Ночь протекала беспокойно. Мурат то брался за телефон, порываясь позвонить, то подходил к окну, выглядывая во двор: не идет ли женщина в меховом пальто
Он выкурил все сигареты и отправился искать новую пачку: Санди имела привычку рассовывать их по карманам. Обшарив ее куртку на вешалке, молодой человек полез в шкаф… и отпрянул в изумлении: любимое пальто Санди из крашеного меха висело на плечиках. В чем же она ушла? А вот и ее сапоги на каблуках…
К утру Мурата сморило. Во сне к нему спустилась с небес распутная богиня любви… в ослепительной золотой наготе. Он протянул к ней руки… и его пальцы наткнулись на твердую гладкую поверхность…
– Ты… из золота? – вскричал он. – Ты не настоящая!
Богиня ничего не ответила, слезы покатились из ее глаз, и она громко зарыдала…
От этих горьких, отчаянных рыданий его сердце дрогнуло, он снова к ней потянулся… и пробудился.
Он лежал на диване, в темноте… а откуда-то раздавался женский плач… Мурат вскочил, включил свет и обомлел. На полу сидела Александрина, обхватив руками колени, и судорожно всхлипывала. Ее спутанная медная грива рассыпалась по спине, а лицо имело жуткий мертвенно-желтый оттенок.
– Я еще не проснулся… – прошептал он, не веря глазам своим. – Санди? Это ты?
Она не ответила. Мурат кинулся к ней, встал на колени, убрал волосы с ее лба… На руке остался след золотистой краски.
– Что с тобой? Где ты была?
Она вздрогнула, подняла безумные глаза, желтые на желтом лице, и начала срывать с себя черную спортивную куртку. Под ней ничего не оказалось. Все тело Александрины было вымазано краской, какой покрывают изделия из дерева или папье-маше, чтобы придать им вид золота или бронзы.
– Что это?
– Я убью его! Убью… – прохрипела она, прижимаясь к любовнику. – Он труп! Он… как он посмел? Подлец! Извращенец…

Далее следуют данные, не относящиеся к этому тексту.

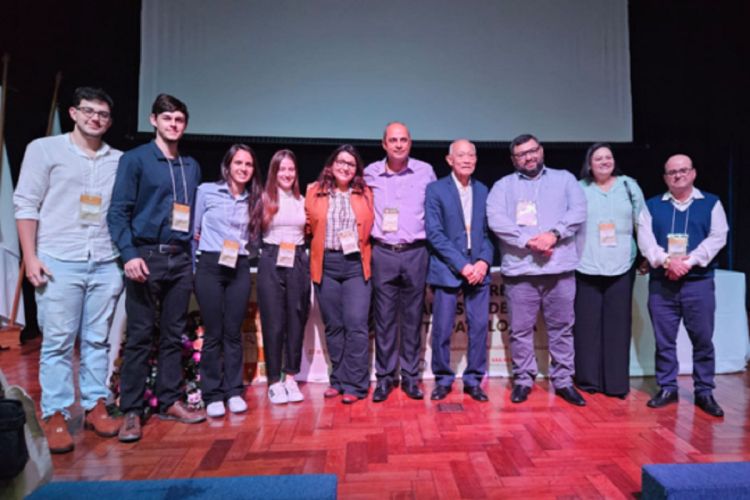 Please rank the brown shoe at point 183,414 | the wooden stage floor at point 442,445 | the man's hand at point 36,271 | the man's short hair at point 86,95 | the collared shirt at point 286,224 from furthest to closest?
the collared shirt at point 286,224, the brown shoe at point 183,414, the man's short hair at point 86,95, the man's hand at point 36,271, the wooden stage floor at point 442,445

– В чем дело? Да говори же! – Мурат встряхнул ее, поднял и понес в ванную.
– Воды… смыть всю эту мерзость… – стонала она. – Скорее… воду, мыло! Проклятие…
Пока она стояла под горячим душем, а по ее великолепному телу стекала мыльно-золотая пена, Мурат сбегал в гостиную, достал из бара коньяк, налил в стакан на два пальца и принес ей.
– На, выпей.
– Не хочу! Не могу… ладно, давай… принеси еще… еще…
Смыть краску удалось не сразу. Обессиленная, Александрина дала закутать себя в махровую простыню и увести в спальню. Коньяк сделал свое дело, она заговорила.
– Это все он… ублюдок…
– Кто?
– Игорь… он запер меня в мастерской… набросился, как бешеный… разорвал одежду… раздел догола…
Она задыхалась, и Мурату пришлось бежать за сердечными каплями.